Much of fantasy football in-season owner strategy centers around which players to pick up from the waiver wire or to target in the trade market. However, roster spots are a premium resource. Cutting a player - or adding them to a trade - opens a roster spot for a key waiver wire addition or flexibility to keep a currently injured player through a missed game or two. Here are the key players to cut or trade after Week 2:
*15-18 roster spots*
Why: Taylor has been strong as a rusher (103 yards plus a touchdown) through two games, but has been lackluster as a passer, barely completing half his passes where the league average is pushing 65% early this season as a whole. With the Browns winless after two games where better quarterback play easily gets them two wins with the Steelers and Saints on the ropes, Baker Mayfield is becoming a more viable option by the week for a should-be-contending team.
Why: Mack's return to the Colts lineup in Week 2 was rough. He was out-snapped by Jordan Wilkins and Nyheim Hines, plus averaged less than 3.3 yards-per-touch, struggling to beat linebackers in space and break tackles. With roster spots valuable in shallow formats, only clear starters or high-upside primary backup running backs make the cut for bench spots. As a result, Mack's murky status with the Colts qualifies for the waiver wire.
Why: Buffalo is an anemic offense where impactful fantasy performances will be few and far between this season. Benjamin has 29 yards in two games on 10 targets. Both the meager volume (80 targets/season pace) and efficiency will keep Benjamin's upside so low he is not worth a roster spot in typical redraft leagues.
Why: A.J. Derby, not Gesicki, is the starting tight end for Miami by snaps through two games. The Dolphins also have a crowded wide receiver group already dominating the tepid target volume available. Gesicki has a single reception through two games and is a long-term hold instead of a near-term upside bet.
*18-22 roster spots*
Why: Dallas has arguably the worst collection of passing game weapons in the NFL. Prescott has added some rushing production through two games, but not enough to prevent him from being firmly outside the top-20 quarterbacks both weeks. Add a matchup against Seattle in Week 3 and it is time to move on in shallow leagues.
Why: Blount is third on his own depth chart in terms of fantasy production and Detroit is struggling to find a run game identity. Also, Kerryon Johnson is the two-way threat of the backfield with Blount lucky to scratch together a goal-line touchdown in his best future week. Even an injury to Johnson would still result in a shaky fantasy projection for Blount with Theo Riddick siphoning all pass game opportunities.

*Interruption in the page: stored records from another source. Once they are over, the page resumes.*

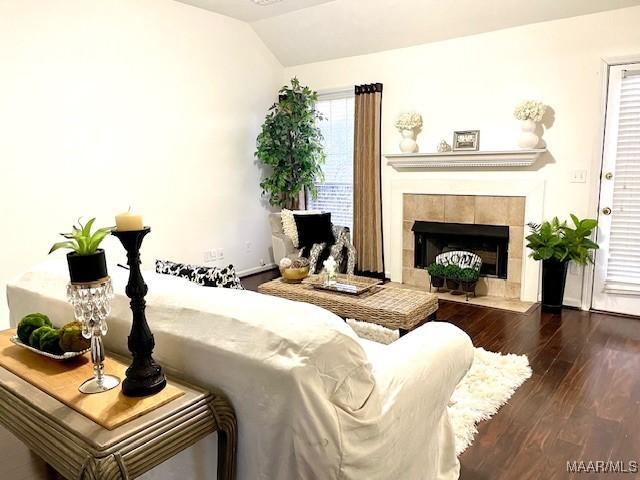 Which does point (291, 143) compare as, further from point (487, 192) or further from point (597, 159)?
point (597, 159)

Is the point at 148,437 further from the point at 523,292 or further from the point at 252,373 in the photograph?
the point at 523,292

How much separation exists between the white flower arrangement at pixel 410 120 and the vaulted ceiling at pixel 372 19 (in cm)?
78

Why: Amendola is the fourth-highest scoring Dolphins receiver in fantasy through two games. In addition to only 10 total targets, Amendola has averaged a mere 7.3 yards-per-reception. DeVante Parker back healthy adds another competitor for targets as well. Amendola should be nowhere near fantasy lineups even during the bye week gauntlet approaching.
Why: With O.J. Howard dominating snaps and targets, Brate has seen less than half the snaps of Howard through two games and is nothing more than a handcuff who has yet to catch a pass this season, yet is still owned in more than half of myfantasyleague.com leagues.
*25+ roster spots, more dynasty-focused*
Why: For two straight weeks the Arizona passing game has looked like one of, if not the worst passing game in the NFL. Larry Fitzgerald is now dinged up and Bradford has struggled with a shoddy offensive line and no deep presence in the offense. The clock is ticking for Josh Rosen to start as Arizona falls woefully out of the competitive race.
Why: Mike Gillislee has the edge over Williams as the No.2 option to Alvin Kamara in the near term. Plus, Mark Ingram II is two weeks from his return to make Gillislee and Williams both irrelevant for a roster spot.
Why: The diminutive Arizona wide receiver is buried on the depth chart, seeing a third of the snaps compared to any of Chad Williams, Christian Kirk, and Larry Fitzgerald. Plus, Nelson was already considered more of a situational deep threat than a complete receiver. Nelson has yet to catch a pass this season.
Why: Griffin has dominated snaps for Houston's tight ends (115 in two games compared to 52 for Jordan Akins and 38 for Jordan Thomas), however, Griffin has been a complete passing game afterthought. DeAndre Hopkins and Will Fuller V siphon upside from the tight end position already, but rookie Jordan Akins already has four receptions and looks far more explosive than the older veteran Griffin.